Slobot About Town LXXI:
Slobot visits the Historic Homes of Spartanburg, pt. 04!
Slobot awoke to find that he had spent the night at a construction site on Glendalyn Avenue. |
Slobot looked up to see a beautiful old home.
Built in 1867, it is one of the oldest homes in what is now the Converse Heights neighborhood. |
One of the classic homes of Converse Heights was the house that Albert H. and Mary B. Twichell built. |
The Twichells built their home near the intersection of Pine Street and Glendalyn Avenue in 1882. After Albert Twichell's death in 1916, the house would be acquired by the Fretwell family, who would live in the house until the 1970s. In 1979 the house would be razed for business purposes. |
In Hampton Heights Slobot uncovered this bewitching blue home.
Walter S. Montgomery built the house in ~1902 and lived there until 1911.
In ~1936 the house would be purchased by Oren Brady, Sr.
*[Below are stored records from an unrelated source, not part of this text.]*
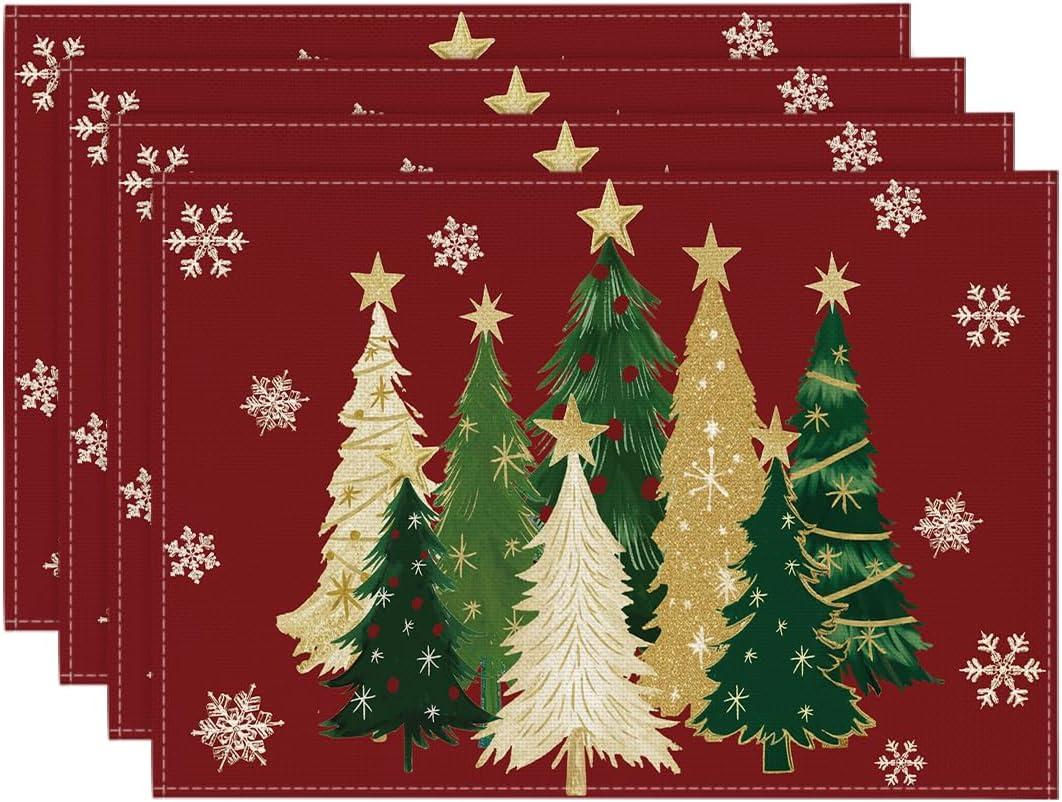 Artoid Mode Xmas Trees Snowflakes Winter Placemats Set of 4, 12x18 Inch Seasonal Red Christmas Table Mats for Party Kitchen Dining Decoration
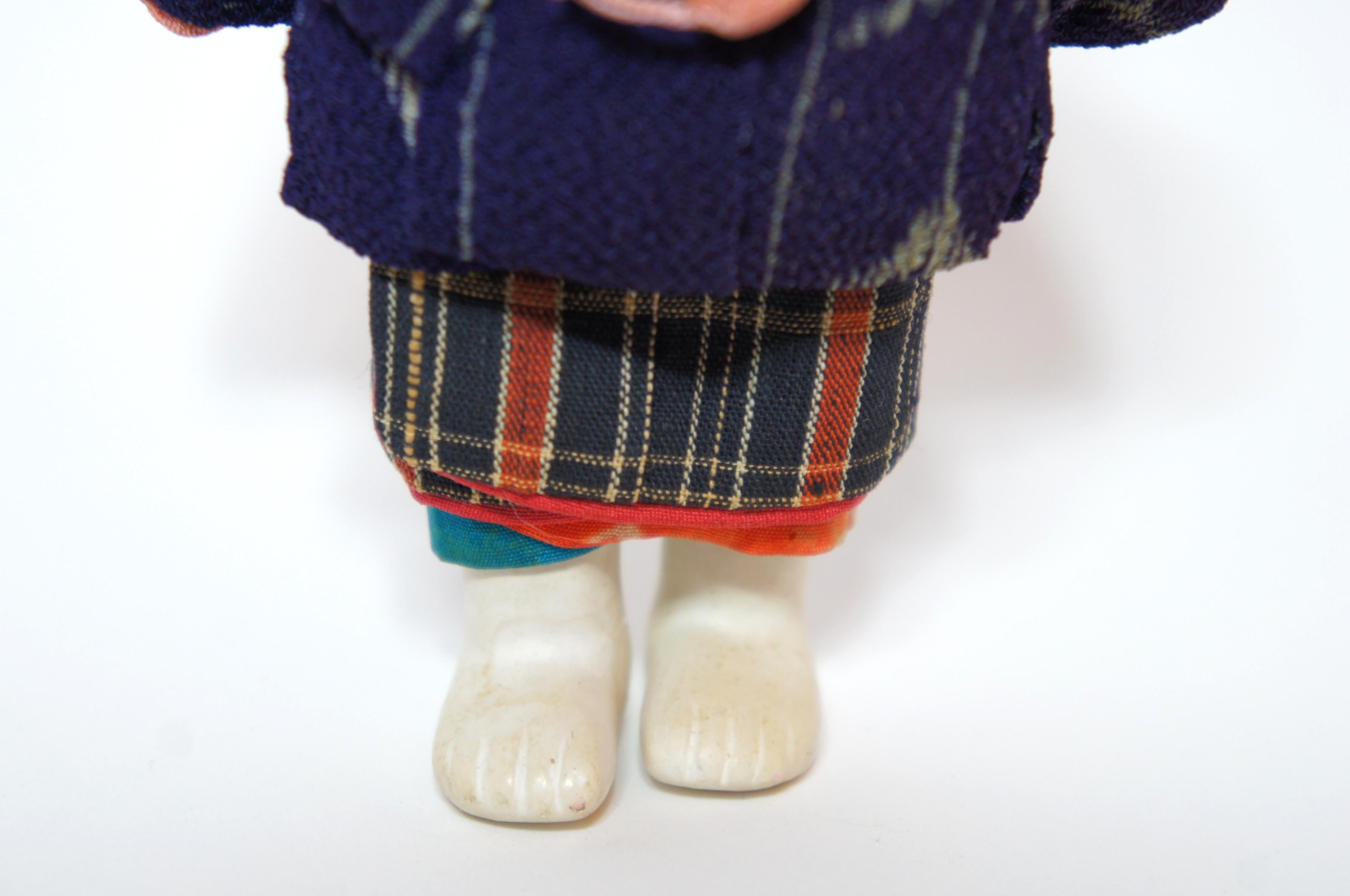 Japanese Kimekomi Child Doll Wearing Silk Kimono, Style of Taisho Romence, 1920s For Sale 3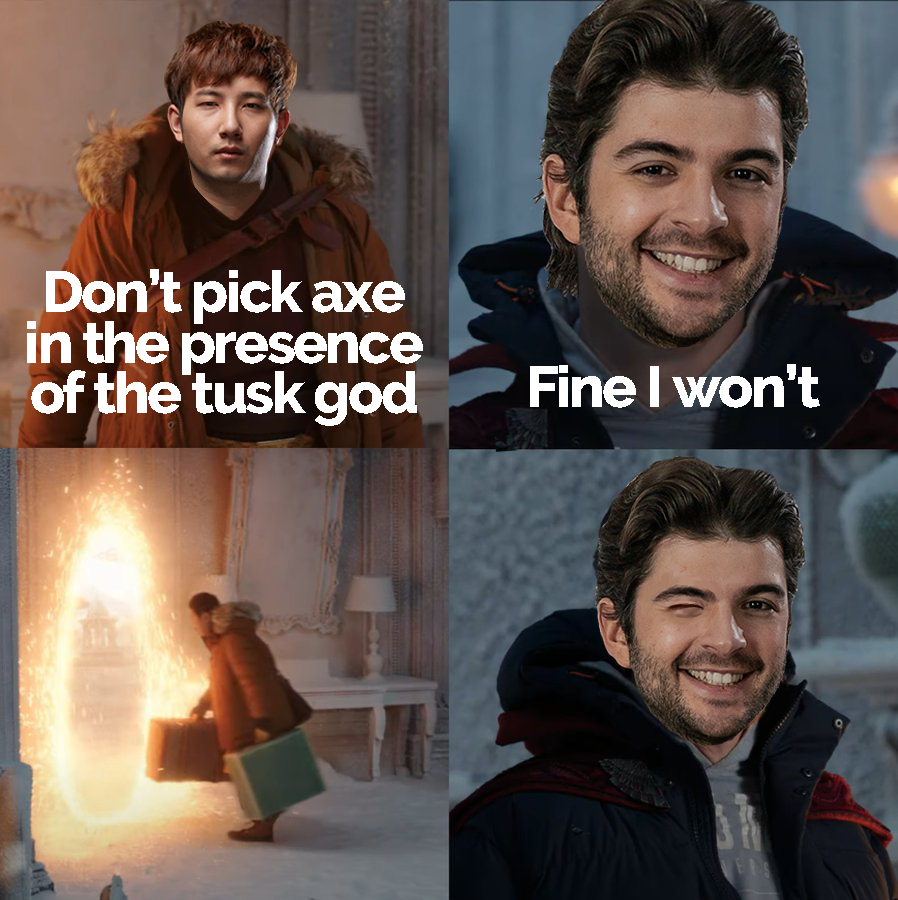 &mdash; Не бери Axe против бога на Tusk.
&mdash; Ладно, не буду.
Источник: twitter.com/RealMaxMar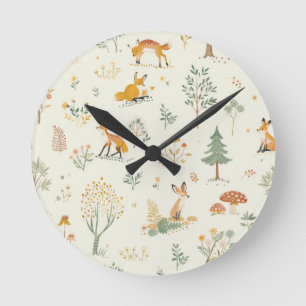 "Foxy Charm Wall Clock" Round Clock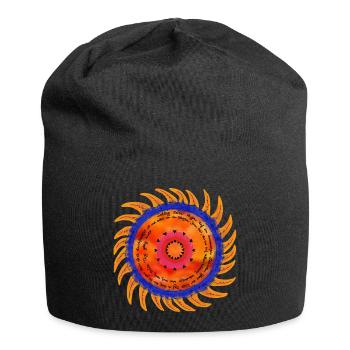 Sonnenschein-Mandala schwarze Schrift - Jersey-Beanie - Schwarz - Vorne
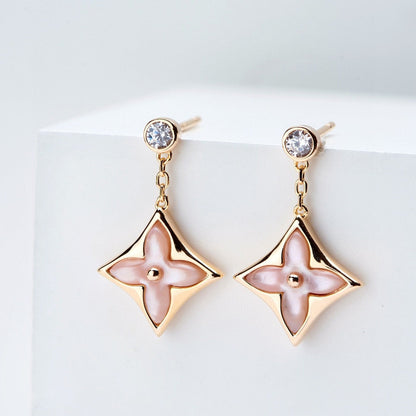 [Raffine]DOUBLE STAR PINK GOLD MOP DROP EARRINGS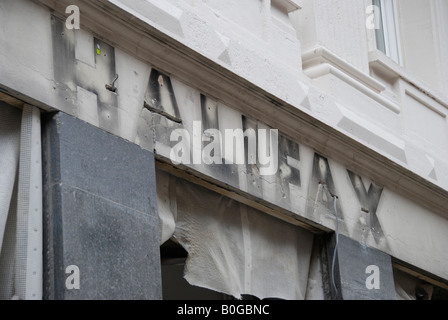 Remains of sign outside partially demolished former Halifax bank in High Holborn London UK Stock Photo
Brady's daughter, Una May Brady Lowry, and her husband, John D. Lowry, would live in the house until the 1980s. |
Slobot made his way back to Converse Heights were he found the Charles Pinckney Wofford House, which was built by Ella Buchanan Carlisle Wofford (1858 - 1948) at the turn of the last century. |
Ella Wofford was the widow of Charles Pinckney Wofford (1855 - 1886). The family would lose their home in the wake of the stock market crash of 1929. |
Today the house is home to Theodore Morris Home Accents & Distinctive Gifts.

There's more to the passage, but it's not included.